During a paroxysm of angina the immediate danger is to be estimated by the symptoms denoting disturbance of the heart's action. The danger is great in proportion as the action of the heart is feeble, irregular, or intermitting. Per contra, the danger is less in proportion as the deviation from the normal force and rhythm is small. It may be said that there is no danger so long as the heart's action remains unaffected, but the disturbance may be slight or wanting at the outset of a paroxysm and afterward become fatally great.

A favorable prognosis may be entertained when there are no signs of cardiac lesion, and when there is little or no disturbance of the heart's action during the paroxysms. Let it be borne in mind that such cases are exceptional and extremely rare. Let it also be borne in mind that lesions especially apt to be associated with fatal paroxysms may be latent—namely, obstruction of the coronary arteries and fatty degeneration. The latter fact renders it proper that a favorable prognosis should always be formed with a reservation, while the fact that recovery takes place in a few well-marked cases of angina renders it improper to withhold encouragement whenever lesions are not discoverable and the paroxysms are not accompanied by alarming symptoms referable to the heart's action. The long tolerance of the affection in some cases is not to be lost sight of with reference to the encouragement which may be fairly derived therefrom.

The immediate cause of sudden death in a paroxysm is probably an arrest of the heart's action in diastole, or such a degree of diminution of the force of its action that the accumulation of blood within its cavities induces paralysis from distension.

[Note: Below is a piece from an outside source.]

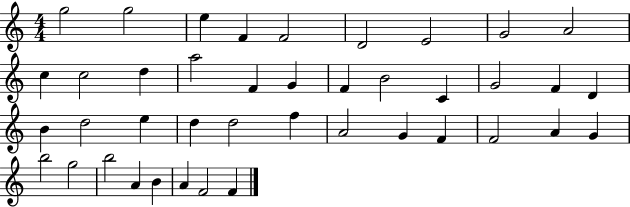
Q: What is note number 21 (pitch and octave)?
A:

TREATMENT.—It is important that a paroxysm of angina be treated as soon as possible, not alone with a view to the relief of pain, but to remove immediate danger. If the physician be present, an opiate in a form to act promptly should be given either by the mouth or hypodermically; the latter mode is to be preferred. Laudanum or a solution of a salt of morphia is the most eligible form if given by the mouth. If the heart's action be weak and irregular, a diffusible stimulant is indicated. If at once available, chloric ether, Hoffman's anodyne, and the compound tincture of lavender act efficiently. If these be not at hand, an alcoholic stimulant should be given, diluted but little, and the doses repeated at short intervals until the paroxysm ends and the disturbed action of the heart has ceased. The duration of paroxysms is generally so short that a physician is rarely present unless they recur after brief intervals. A patient, therefore, subject to angina should be provided with remedies and instructions as to their use at the instant a paroxysm occurs. The amyl nitrite, first recommended in this affection by Brunton, is a remedy of signal benefit in some cases. From two to five minims may be inhaled at the commencement of the paroxysm. It is especially indicated when the characters of the pulse denote arterial tension. Caution is to be exercised in its use if there be notable weakness of the heart's action. Sinapisms, stimulating embrocations, and fomentations applied to the chest have a certain measure of utility, but they should not take the place nor delay the use of remedies which are more efficient.